Глухой гул, до этого наполнявший вокзал, теперь перестал доноситься до нас, и мы слышали лишь все более учащенные вздохи локомотива.

Я украдкой взглянул на своего хозяина. Глаза его были неподвижны, черты лица напряглись. Казалось, с каким-то безумным вниманием следит он за этой картиной, и такой заурядной, и такой грандиозной.

Опять рожок, два свистка, — начальника станции и локомотива. Поезд медленно тронулся с резким лязгом цепей. Мы скорее слышали его, чем видели его движение... о августовские поезда 1914 года с их песнями и цветами!..

Когда последний вагон прошел под нашим окном, я снова взглянул на г-на Теранса. Увидел, как он перекрестился.

Мой собеседник протянул руку во тьму, в ту сторону, куда ушел поезд, превратившийся теперь в смутный, замирающий гул.

— Они умрут, — сказал он, точно говоря сам с собой.

Он перевел глаза на вокзал, на этот страшный бассейн, куда уже снова вливался поток серо-голубых человечков в ожидании нового поезда.
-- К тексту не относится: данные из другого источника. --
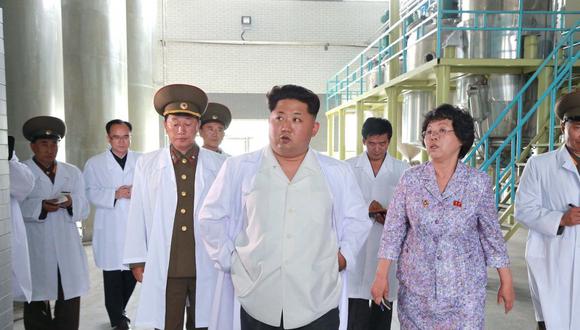 Kim Jong-un durante una visita al Pyongyang Biotechnical Institute. (Reuters).
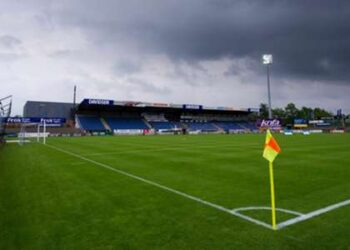 Abu Francis voit sa première carrière rouge alors que le FC Nordsjaelland bat Sonderjyske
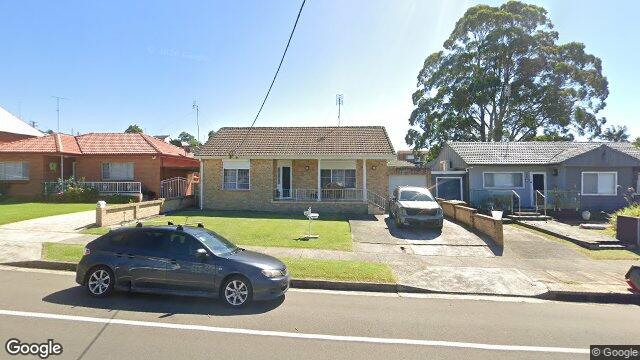 Street View near 102 WERINGA AVE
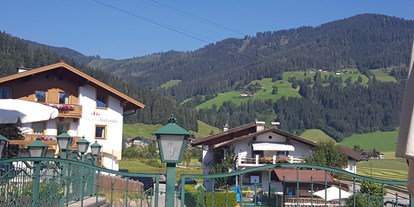 Familienhotel - Skikurs direkt beim Hotel - Blick von der Terrasse - Hotel Felsenhof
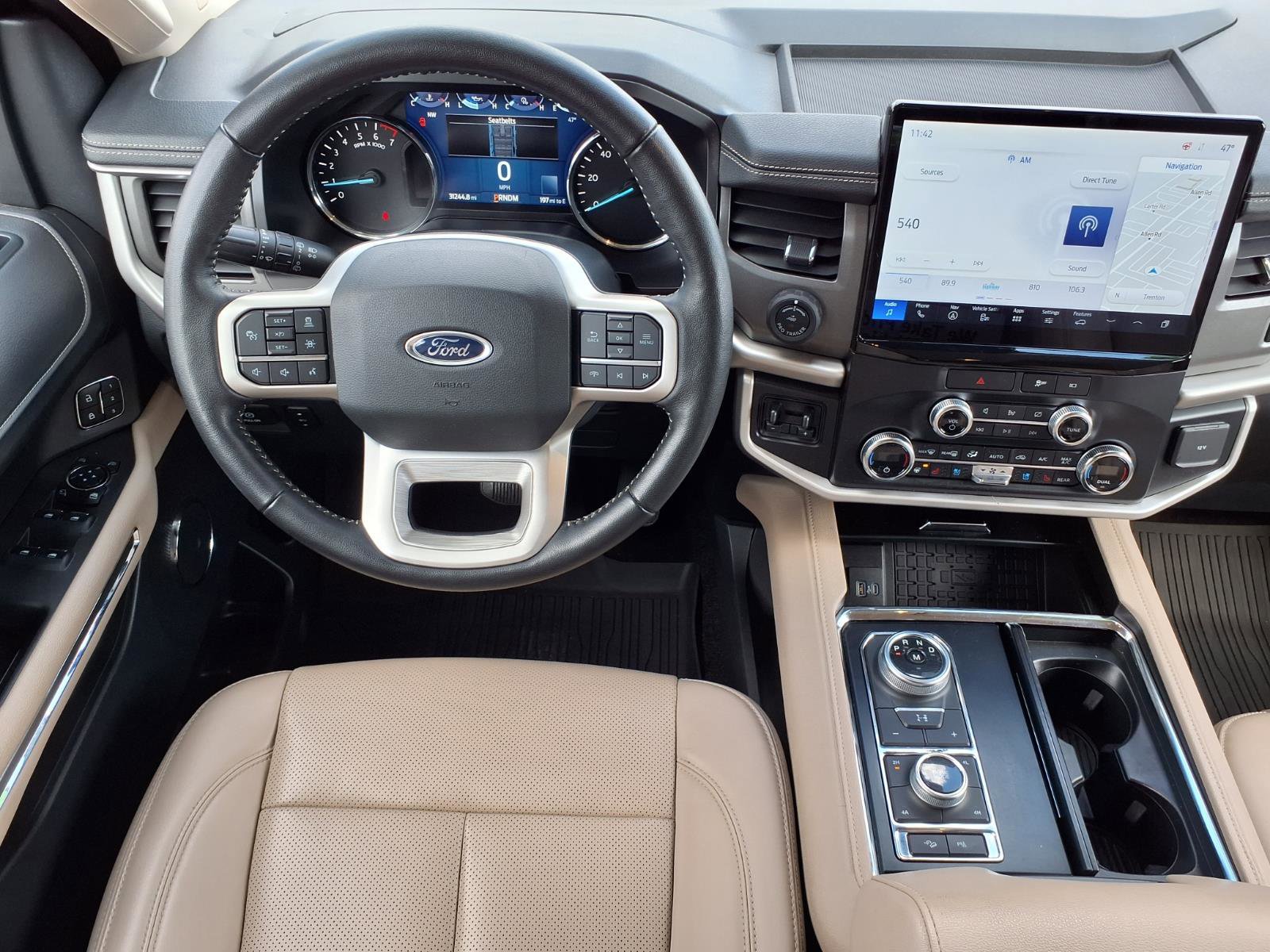 Used 2022 Ford Expedition XLT image 6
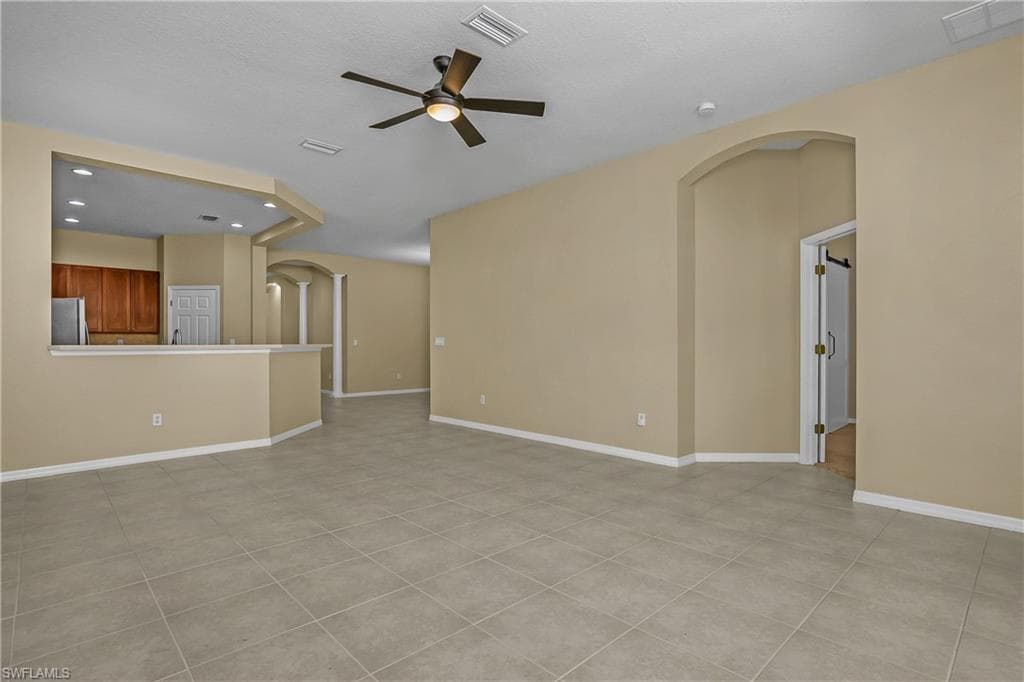 21048 Cosenza CT photo 10 of 43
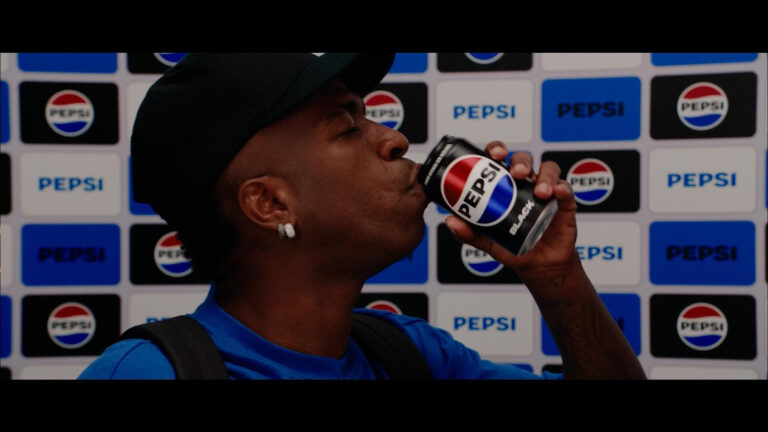 PEPSI Black revive “meteli o goli” de Vinicius Jr.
— И эти тоже умрут, — сказал г-н Теранс. — И эти тоже. Все умрут.

Помолчав минуту, он повторил:

— Все, все умрут... И за что? За что?

Я едва расслышал этот странный вопрос. В эти мгновения я жил в мире противоречивых чувств. Одно из них проступило сильнее, оформилось. «В Париже всюду придумывают целую тучу смешных мер, чтобы сохранить в тайне передвижения войск. А вот иностранец, может быть — враг, имеет полную возможность из своего окна вести днем и ночью счет полкам, отправляемым к Вердену... Я был бы очень удивлен, если бы, например, на Майнцском вокзале...»

Первые же слова г-на Теранса дали подтверждение таким моим мыслям.

— Уже несколько дней, — сказал он, — я не отхожу от этого окна, даже ночью. Я видел, как прошли через этот вокзал все те, которых направляют туда, в бездну... Удивитесь ли вы, господин профессор, если я скажу вам, что в этом множестве синих шинелей я не мог заметить присутствия хотя бы одной куртки хаки.